**WHAT IS REQUIRED:** Once the line with "Petek Kumaştan Baskı" is found in the entries below, repeat that line and every one after it exactly, ending at the last.

BEGIN

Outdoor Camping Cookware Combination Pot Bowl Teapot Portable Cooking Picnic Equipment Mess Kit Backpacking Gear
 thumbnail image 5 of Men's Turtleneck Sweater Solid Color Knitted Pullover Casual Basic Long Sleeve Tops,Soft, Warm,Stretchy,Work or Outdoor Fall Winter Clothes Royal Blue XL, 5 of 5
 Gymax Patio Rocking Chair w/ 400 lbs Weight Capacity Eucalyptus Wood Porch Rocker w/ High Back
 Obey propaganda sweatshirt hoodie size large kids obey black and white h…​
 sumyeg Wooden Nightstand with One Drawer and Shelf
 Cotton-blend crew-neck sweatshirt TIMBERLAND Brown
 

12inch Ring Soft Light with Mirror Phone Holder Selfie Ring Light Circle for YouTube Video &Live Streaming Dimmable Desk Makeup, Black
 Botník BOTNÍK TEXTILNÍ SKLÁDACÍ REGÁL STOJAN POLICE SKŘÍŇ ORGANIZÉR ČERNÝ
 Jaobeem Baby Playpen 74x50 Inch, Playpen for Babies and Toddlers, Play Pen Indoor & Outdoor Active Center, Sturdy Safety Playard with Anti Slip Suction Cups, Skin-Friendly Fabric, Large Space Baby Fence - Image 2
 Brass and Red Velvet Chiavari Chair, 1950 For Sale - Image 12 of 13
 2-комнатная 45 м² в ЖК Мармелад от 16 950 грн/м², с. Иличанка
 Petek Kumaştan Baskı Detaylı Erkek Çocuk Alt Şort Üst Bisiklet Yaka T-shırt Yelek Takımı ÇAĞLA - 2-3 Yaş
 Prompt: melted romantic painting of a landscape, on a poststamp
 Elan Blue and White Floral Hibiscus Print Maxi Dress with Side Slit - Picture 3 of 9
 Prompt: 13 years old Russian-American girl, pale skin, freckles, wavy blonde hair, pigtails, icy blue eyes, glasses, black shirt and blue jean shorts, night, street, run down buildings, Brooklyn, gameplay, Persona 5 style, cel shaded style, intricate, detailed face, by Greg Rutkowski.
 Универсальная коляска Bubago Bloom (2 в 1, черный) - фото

END

**RESULT FOR THIS TASK:**
 Petek Kumaştan Baskı Detaylı Erkek Çocuk Alt Şort Üst Bisiklet Yaka T-shırt Yelek Takımı ÇAĞLA - 2-3 Yaş
 Prompt: melted romantic painting of a landscape, on a poststamp
 Elan Blue and White Floral Hibiscus Print Maxi Dress with Side Slit - Picture 3 of 9
 Prompt: 13 years old Russian-American girl, pale skin, freckles, wavy blonde hair, pigtails, icy blue eyes, glasses, black shirt and blue jean shorts, night, street, run down buildings, Brooklyn, gameplay, Persona 5 style, cel shaded style, intricate, detailed face, by Greg Rutkowski.
 Универсальная коляска Bubago Bloom (2 в 1, черный) - фото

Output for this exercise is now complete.